:: TASK TO COMPLETE ::
Check every line of the data for the string "Listen" and copy the ones that have it.

:: DATA TO PROCESS ::
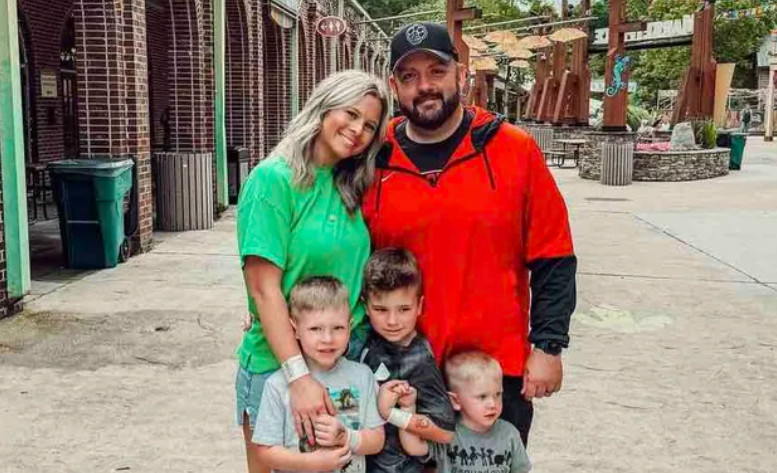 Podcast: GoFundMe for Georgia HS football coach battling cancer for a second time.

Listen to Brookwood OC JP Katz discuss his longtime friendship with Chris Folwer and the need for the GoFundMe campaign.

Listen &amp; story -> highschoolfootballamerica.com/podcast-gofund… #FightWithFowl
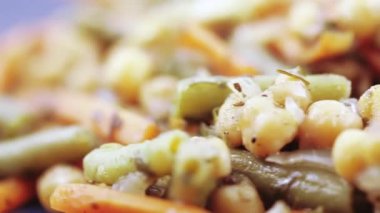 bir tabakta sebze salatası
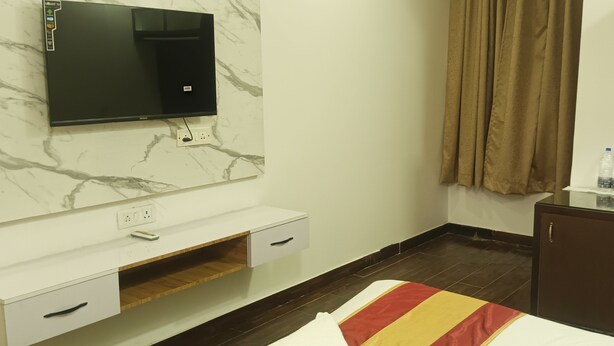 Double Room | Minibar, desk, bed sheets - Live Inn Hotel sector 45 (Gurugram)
---
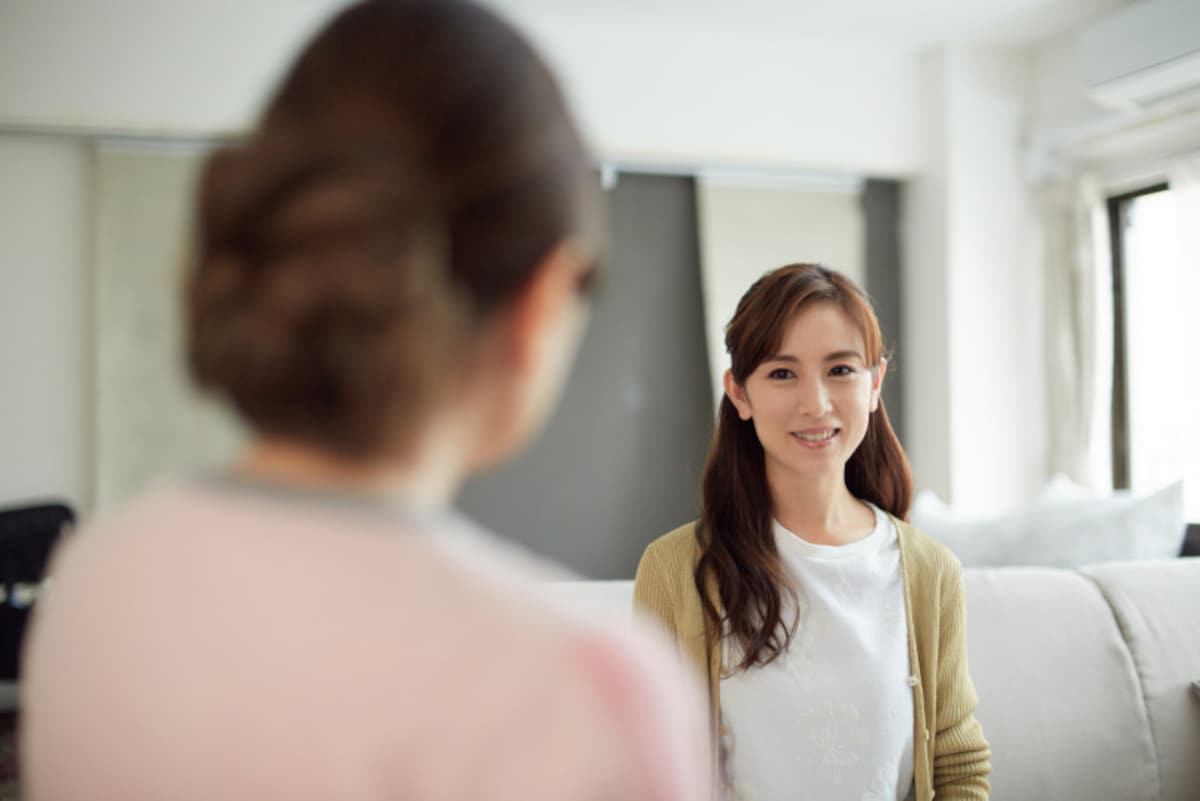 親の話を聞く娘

:: RESPONSE TO THIS TASK ::
Listen to Brookwood OC JP Katz discuss his longtime friendship with Chris Folwer and the need for the GoFundMe campaign.
Listen &amp; story -> highschoolfootballamerica.com/podcast-gofund… #FightWithFowl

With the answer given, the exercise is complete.